### Task requirements
Return nothing but the lines from the one containing "Uzun namlulu silahla" through the end of the records below, exactly as they stand and without pictures.

(Image-text web data)
%%

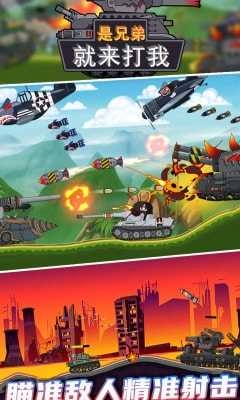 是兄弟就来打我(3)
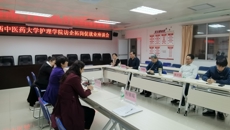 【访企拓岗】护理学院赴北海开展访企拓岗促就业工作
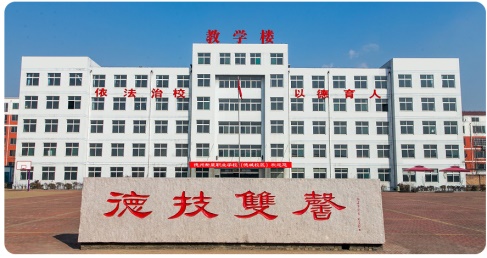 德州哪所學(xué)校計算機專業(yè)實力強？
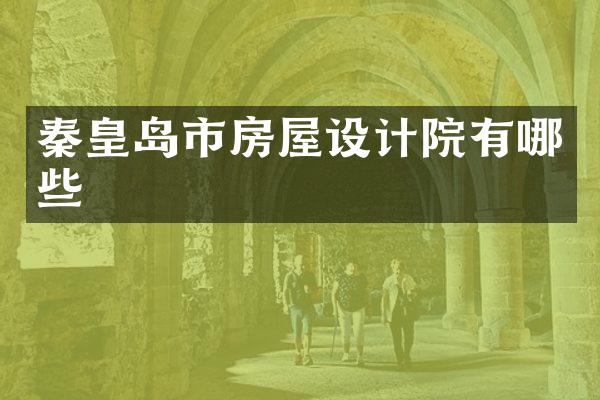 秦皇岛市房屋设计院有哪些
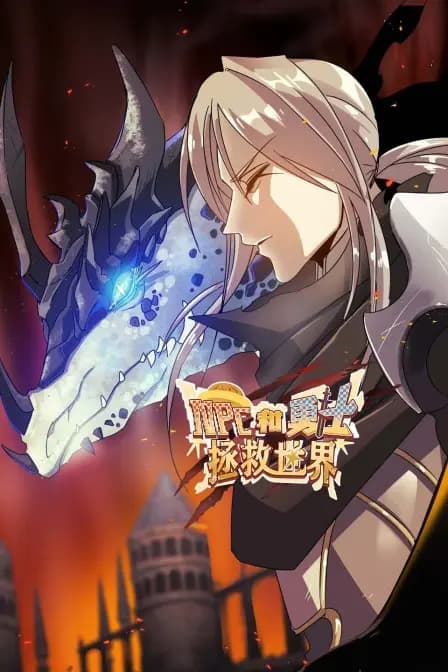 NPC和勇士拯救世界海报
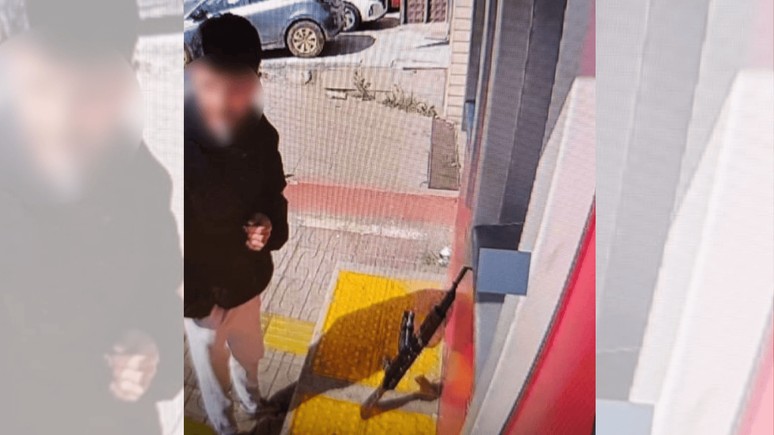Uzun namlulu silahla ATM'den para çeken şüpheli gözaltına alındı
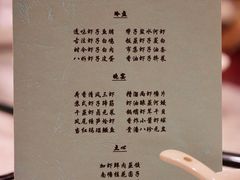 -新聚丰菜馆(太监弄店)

%%

### Answer to the problem
Uzun namlulu silahla ATM'den para çeken şüpheli gözaltına alındı
 -新聚丰菜馆(太监弄店)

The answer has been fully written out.